[INFORMATION SHOWN]

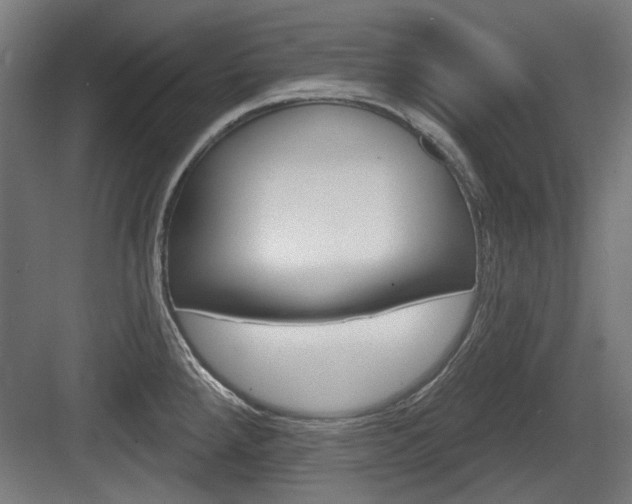 X0000083991288200702160721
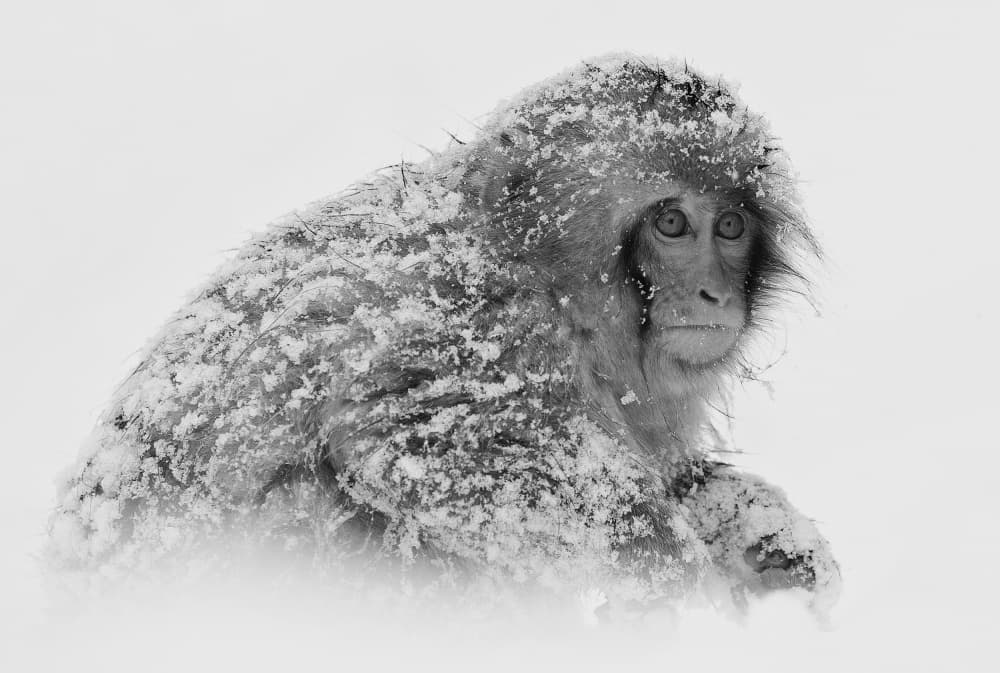 Snow Monkey Gaze by C.S. Tjandra — canvas wall art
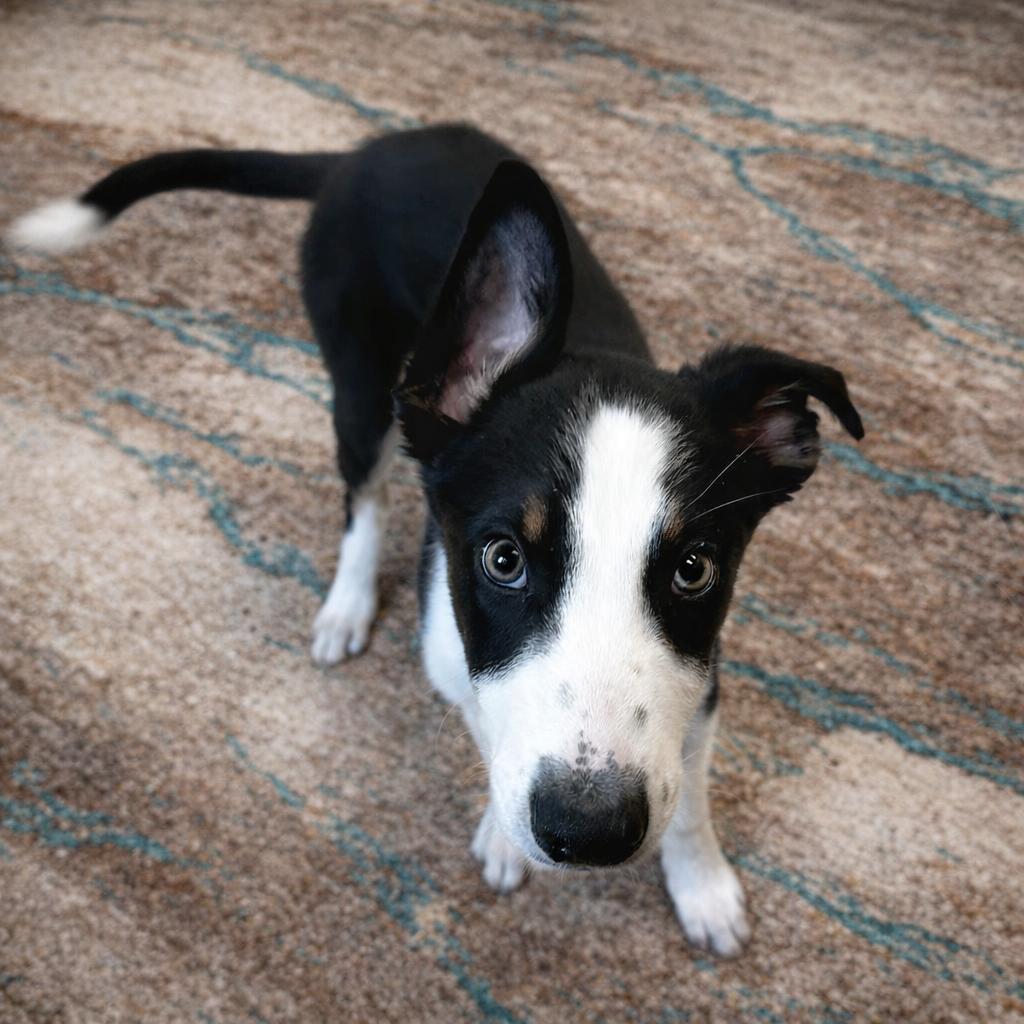 Enlarge Flash, a ADOPTABLE mixed breed in Minneapolis, MN image 3/5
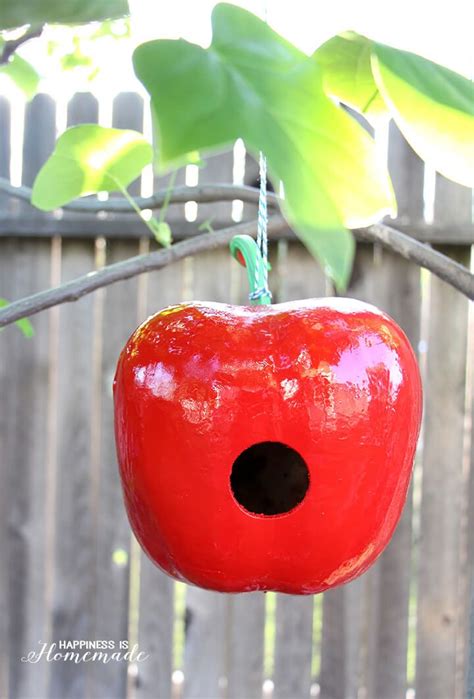 Diy Gourd Birdhouses Gourds Birdhouse Bird Houses Hand Painted Gourds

[/INFORMATION SHOWN]

Copy exactly the lines that run from the line containing "Snow Monkey Gaze" to the end of the data above, keeping both end lines and leaving out all pictures.

RESULT OF THIS TASK.
 Snow Monkey Gaze by C.S. Tjandra — canvas wall art
 Enlarge Flash, a ADOPTABLE mixed breed in Minneapolis, MN image 3/5
 Diy Gourd Birdhouses Gourds Birdhouse Bird Houses Hand Painted Gourds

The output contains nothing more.